YOUR INSTRUCTIONS:
Each entry that follows needs to be written out exactly, with nothing left out.

(Brief descriptive captions)
☆ ☆ ☆ ☆ ☆

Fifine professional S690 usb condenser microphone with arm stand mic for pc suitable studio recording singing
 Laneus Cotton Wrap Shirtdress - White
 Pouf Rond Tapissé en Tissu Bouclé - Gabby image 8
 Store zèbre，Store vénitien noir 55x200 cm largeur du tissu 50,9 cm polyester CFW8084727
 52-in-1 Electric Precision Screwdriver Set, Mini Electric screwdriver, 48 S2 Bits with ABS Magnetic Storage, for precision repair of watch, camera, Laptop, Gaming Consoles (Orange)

☆ ☆ ☆ ☆ ☆

OUTPUT OF THE TASK:
Fifine professional S690 usb condenser microphone with arm stand mic for pc suitable studio recording singing
 Laneus Cotton Wrap Shirtdress - White
 Pouf Rond Tapissé en Tissu Bouclé - Gabby image 8
 Store zèbre，Store vénitien noir 55x200 cm largeur du tissu 50,9 cm polyester CFW8084727
 52-in-1 Electric Precision Screwdriver Set, Mini Electric screwdriver, 48 S2 Bits with ABS Magnetic Storage, for precision repair of watch, camera, Laptop, Gaming Consoles (Orange)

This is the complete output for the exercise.